> What to do: Scan the records for the word "truck". Return each line where it is found.

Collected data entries
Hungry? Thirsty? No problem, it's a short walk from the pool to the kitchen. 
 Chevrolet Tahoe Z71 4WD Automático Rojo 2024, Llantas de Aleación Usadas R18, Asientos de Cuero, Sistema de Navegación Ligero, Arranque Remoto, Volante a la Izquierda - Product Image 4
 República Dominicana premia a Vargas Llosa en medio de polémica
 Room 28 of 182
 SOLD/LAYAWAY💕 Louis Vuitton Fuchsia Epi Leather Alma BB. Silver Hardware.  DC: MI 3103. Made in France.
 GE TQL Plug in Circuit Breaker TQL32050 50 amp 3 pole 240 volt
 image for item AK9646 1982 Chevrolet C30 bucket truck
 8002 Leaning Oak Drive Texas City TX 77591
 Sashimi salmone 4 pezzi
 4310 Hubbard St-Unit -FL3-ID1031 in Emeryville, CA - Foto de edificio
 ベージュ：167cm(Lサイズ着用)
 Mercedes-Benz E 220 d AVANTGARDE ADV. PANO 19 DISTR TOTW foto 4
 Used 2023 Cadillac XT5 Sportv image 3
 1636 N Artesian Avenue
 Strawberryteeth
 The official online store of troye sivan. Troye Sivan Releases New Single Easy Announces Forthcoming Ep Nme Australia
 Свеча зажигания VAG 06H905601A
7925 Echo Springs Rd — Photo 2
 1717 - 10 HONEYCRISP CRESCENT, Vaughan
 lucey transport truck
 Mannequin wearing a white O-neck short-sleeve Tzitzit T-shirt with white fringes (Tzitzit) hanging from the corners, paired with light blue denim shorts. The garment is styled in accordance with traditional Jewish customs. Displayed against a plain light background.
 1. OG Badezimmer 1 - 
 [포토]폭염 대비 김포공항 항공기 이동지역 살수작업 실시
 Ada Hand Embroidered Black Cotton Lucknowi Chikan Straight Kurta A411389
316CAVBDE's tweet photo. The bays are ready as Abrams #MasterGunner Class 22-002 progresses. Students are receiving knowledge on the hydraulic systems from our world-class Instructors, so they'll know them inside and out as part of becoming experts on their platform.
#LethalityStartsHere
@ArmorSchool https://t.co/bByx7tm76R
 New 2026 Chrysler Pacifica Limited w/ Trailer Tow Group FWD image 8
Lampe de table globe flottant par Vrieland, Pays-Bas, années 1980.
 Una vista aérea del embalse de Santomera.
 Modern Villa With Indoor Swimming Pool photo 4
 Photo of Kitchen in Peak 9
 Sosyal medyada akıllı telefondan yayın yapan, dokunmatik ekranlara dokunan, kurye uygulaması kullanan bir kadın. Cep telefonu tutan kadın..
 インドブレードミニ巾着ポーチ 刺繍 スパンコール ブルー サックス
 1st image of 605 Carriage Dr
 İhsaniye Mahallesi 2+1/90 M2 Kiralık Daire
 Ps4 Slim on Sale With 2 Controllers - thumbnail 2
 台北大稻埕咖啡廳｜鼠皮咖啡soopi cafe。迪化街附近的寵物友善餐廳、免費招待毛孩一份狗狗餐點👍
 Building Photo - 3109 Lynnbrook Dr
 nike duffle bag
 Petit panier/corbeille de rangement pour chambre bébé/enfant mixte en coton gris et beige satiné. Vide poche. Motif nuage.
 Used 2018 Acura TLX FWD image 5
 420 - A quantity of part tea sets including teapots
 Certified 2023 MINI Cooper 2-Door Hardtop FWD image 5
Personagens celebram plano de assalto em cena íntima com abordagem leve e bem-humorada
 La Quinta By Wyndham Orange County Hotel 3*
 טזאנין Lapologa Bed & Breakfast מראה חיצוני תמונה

> Problem solution:
 image for item AK9646 1982 Chevrolet C30 bucket truck
 lucey transport truck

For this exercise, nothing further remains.